The HMV Group will shut 60 of its retail outlets in the next twelve months – probably 40 HMV stores and 20 Waterstones shops – after admitting its Christmas trading figures were pretty poor yesterday. With the company’s year end profits now expected to be at the lower end of expectations, HMV top man Simon Fox pledged to make £10 million in cost savings in the next year. The firm’s share price nevertheless tumbled yesterday morning.

It’s the HMV chain that is causing the problems, with sales in its all-important Christmas period down 13.6% on last year. The retail group says the poor weather in the run up to Christmas was at least partly to blame, though that wouldn’t explain why pre-Christmas sales at Waterstones shops were pretty much equal to the same period in 2009. Perhaps book lovers are more snow-resistant than music fans.

Of course, HMV has been suffering for years now as both online retailers – mail-order operations and download services – and the supermarkets steal an ever increasing share of their three traditional markets: music, DVD and games. The window of opportunity ten years ago to dominate the online version of HMV’s traditional business was small, and the retailer (and its then main competitor Virgin Megastore) was way too slow to rise to the challenge, letting upstarts like Amazon and iTunes seize by far the biggest slice of the online pie.

Aware that the decline of HMV’s traditional high street revenue streams is only likely to continue, Fox has been pursuing a strategy of diversification over the last couple of years, both diversifying the company’s product lines in its stores, and moving into areas of the entertainment industry outside of retail, in particular through its acquisition of artist management, festival and venue group MAMA. Some might now argue that the latest sales figures from the HMV shops suggests that the first part of Fox’s diversification plan has failed.

The latter strand of diversification – the move into management, ticketing and live music – has in the main been a success, and is why some remain optimistic about HMV’s long term future. Though more pessimistic analysts in the City point out that HMV’s retail business is still by far the biggest part of the company, and profits from the new ventures are not, as yet, growing fast enough to make up for the decline on the high street.

The store closures and other cutbacks are not so much motivated by the slump in profits, but by covenants the company has with its money-lenders.
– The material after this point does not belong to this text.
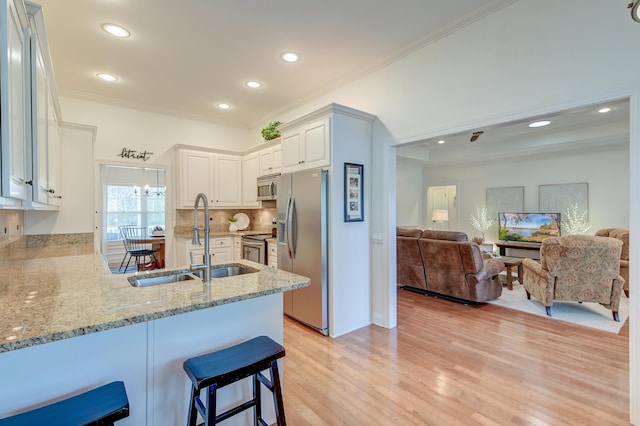 kitchen featuring light stone counters, a peninsula, stainless steel appliances, crown molding, and a sink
HMV has £150 million in debts, a fair of portion of which were run up as part of last year’s MAMA acquisition, and Fox has admitted that meeting the terms of those covenants this spring will be “tight”.

That said, while the store closures are possibly being undertaken mainly to please the bank, there is an argument that with high street retail in terminal decline, having two largish units on every high street (one for HMV, one for Waterstones) isn’t viable long term.

Therefore reducing the number of stores HMV operates, rather than increasing the number, as they have been in recent years, especially since the demise of former rivals Zavvi, is probably a good thing long term, even if it is stressful in the immediate future. And while some are predicting HMV might sell off Waterstones to raise some cash, there is actually a case for merging HMV and Waterstones stores in smaller shopping centres, reducing overheads without affecting market reach.

So, a slightly gloomy day for HMV, and clearly some difficult decisions are now ahead for Fox and his team, though some still see much potential for one of the last remaining big British music brands.